Denktaş, babası Cumhurbaşkanı Rauf Denktaş’a rağmen Başbakan Talat’la Cenevre’ye katılacağını açıklayınca Kıbrıs Türk toplumu içerisinde ki barış taraftarları derin bir nefes almıştı.

Daha sonra referandum aşamasında Serdar Denktaşın Hükümeti bozarak Referandum ve çözüm sürecini akamete uğratacağı söylentilerine rağmen Serdar partisi DP’yi tarafsız bırakarak, referandumda evet cephesi karşısında UBP ile birlikte davranmayarak, bana göre Kuzey Kıbrıs’ta referandum sonucunun EVET olarak çıkmasında tarihsel bir rol oynadı.

Bostancı ve Lokmacı kapısının açılması konusunda Cumhurbaşkanı Rauf Denktaşın başkanlığında yapılan koordinasyon toplantısında, o dönem Kıbrısta görevli Barış ve Güvenlik Kuvvetleri komutanlarının, TC Büyükelçisinin karşı tavırlarına karşın Başbakan Mehmatali Talat’ın ciddi direnişine, Serdar Denktaşın “Ben de Başbakanla ayni fikirdeyim” şeklinde Talatın yanında yer almasının tanığı oldum. Benim gördüğüm bildiğim Serdar Denktaş devlet adamı kimliğiyle cesur kararlar alan, Kıbrıs Türk Milliyetçisi bir siyaset adamı.
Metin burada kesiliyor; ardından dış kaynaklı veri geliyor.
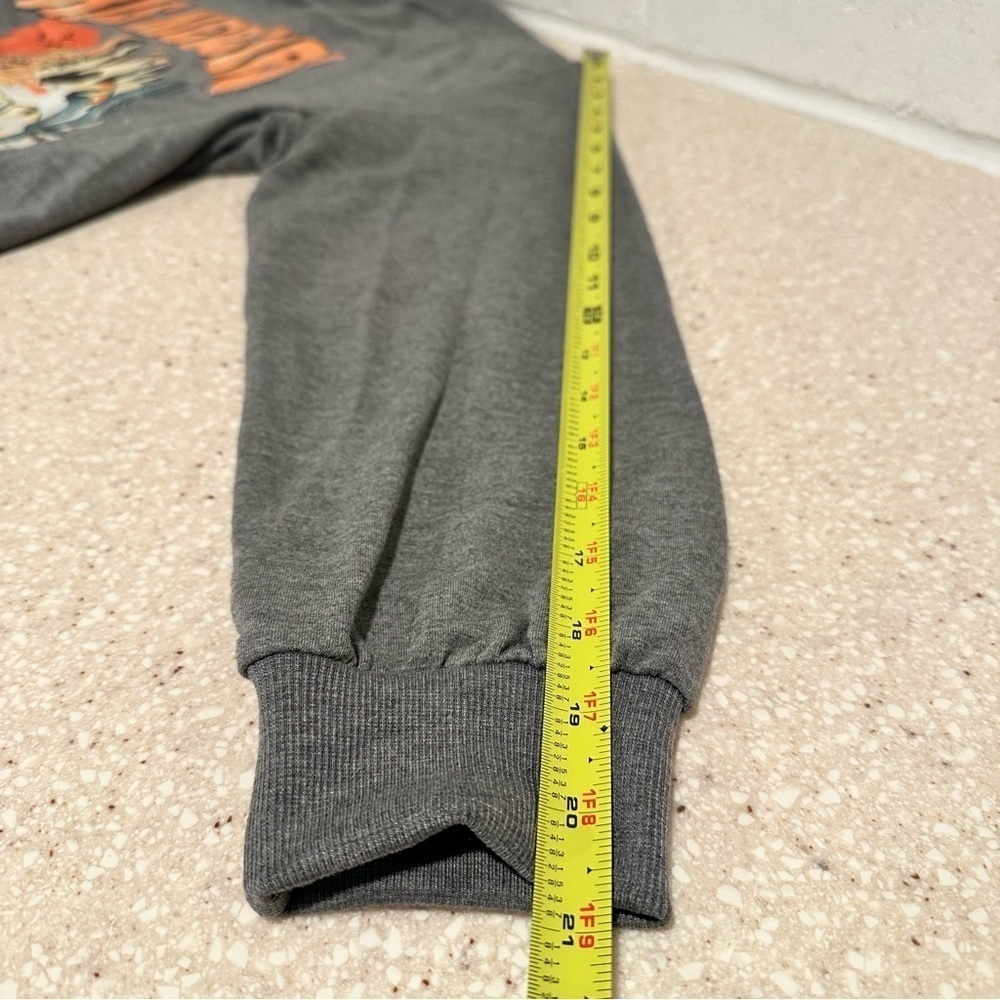Christian Faith Crew Neck Sweater Bible Verse Desert Orange Dark Gray NWT - Picture 4 of 15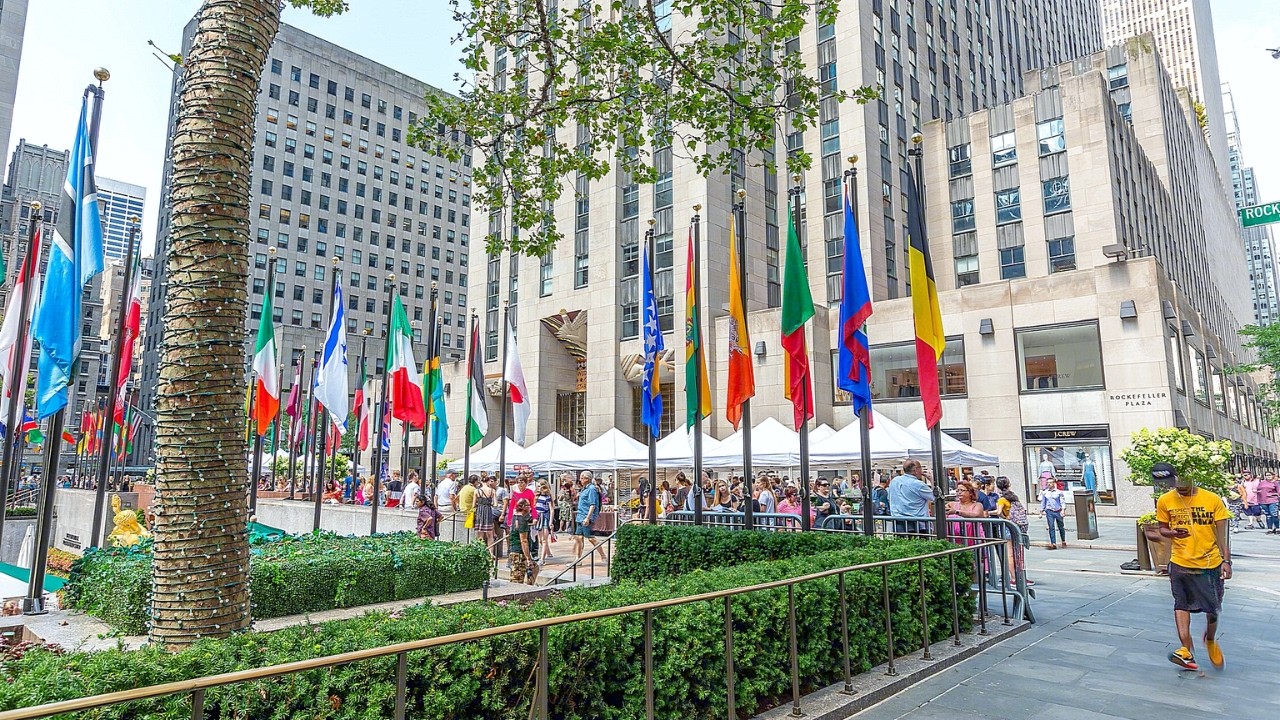 LIVE • NEW YORK CITY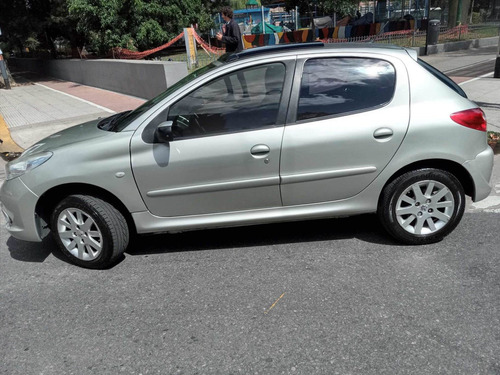 Peugeot 207 2011 1.6 Xt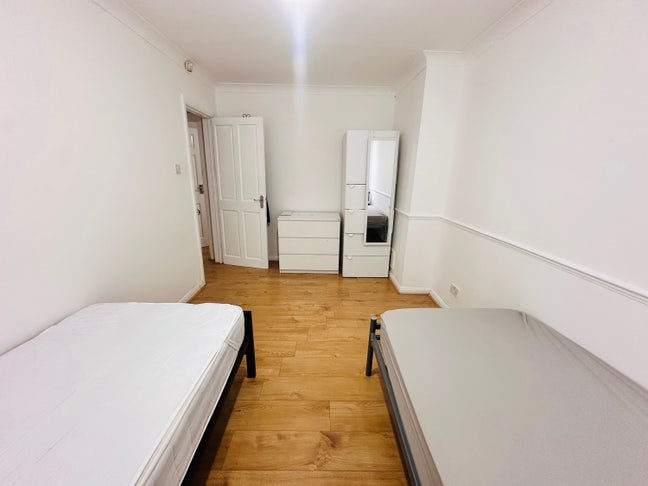 Large Double Room for rent  Main Photo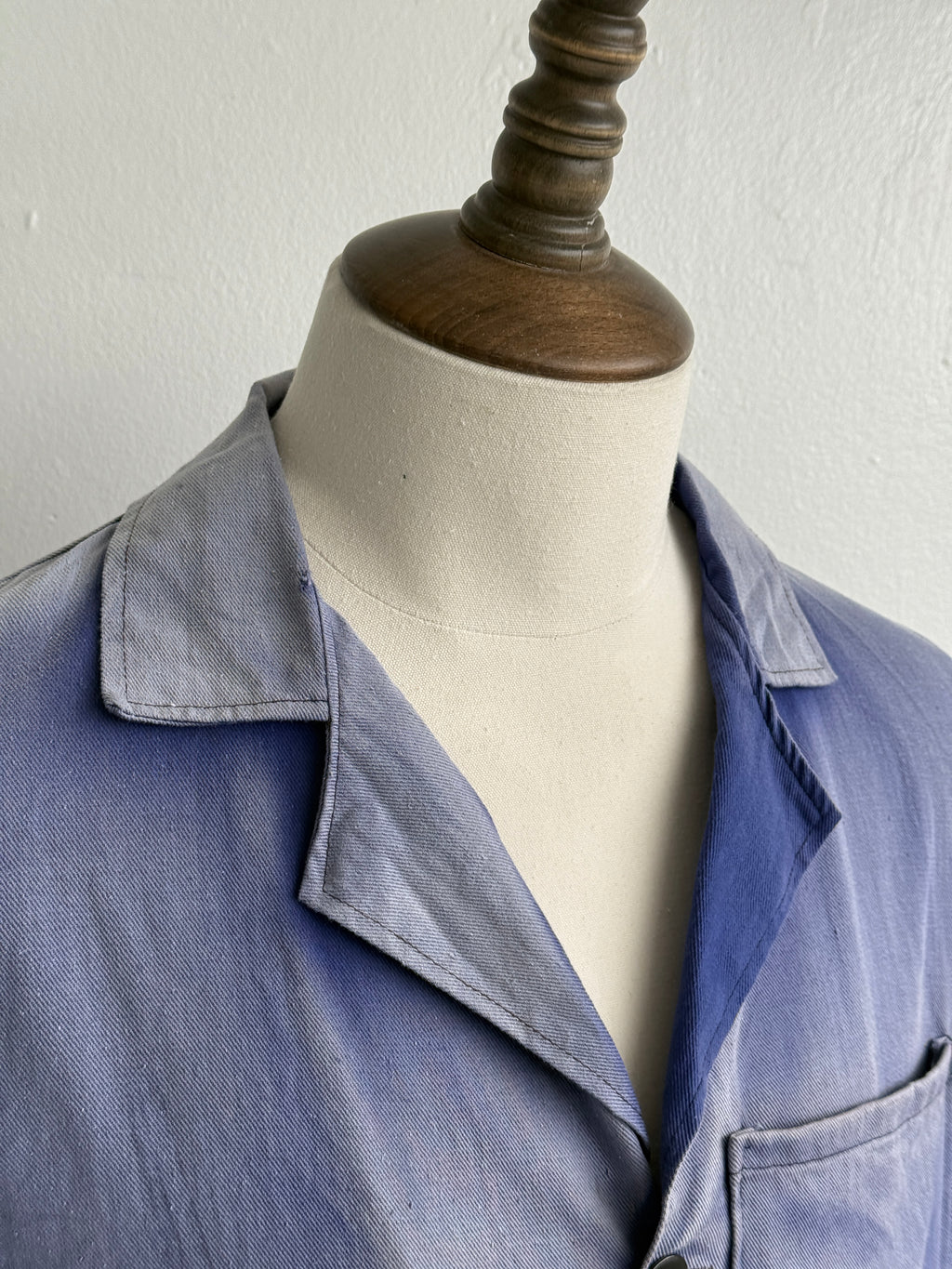 Faded Blue French 1970's Vintage Workwear Chore Jacket CH389 - Small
Bunları niye yazdım? TV Programından önce sohbet ederken bu konuları anımsatmıştım kendisine. “Bunları programada konuşmaya cesaret edemezsin, en azından siyasi görüşün buna engel olur” demişti.

Bu görüşünün doğru olmadığını söylememe rağmen, bir kısım konular programda açılmış olmasına karşılık süre yetmediğinden bazı konuları anımsatamadım. Program bittikten sonra “Ben dememiş miydim?” dedi, Sn.Serdar.

Ben de “Halkın Sesi gazetesinde yazarım” demiştim. Yazdım.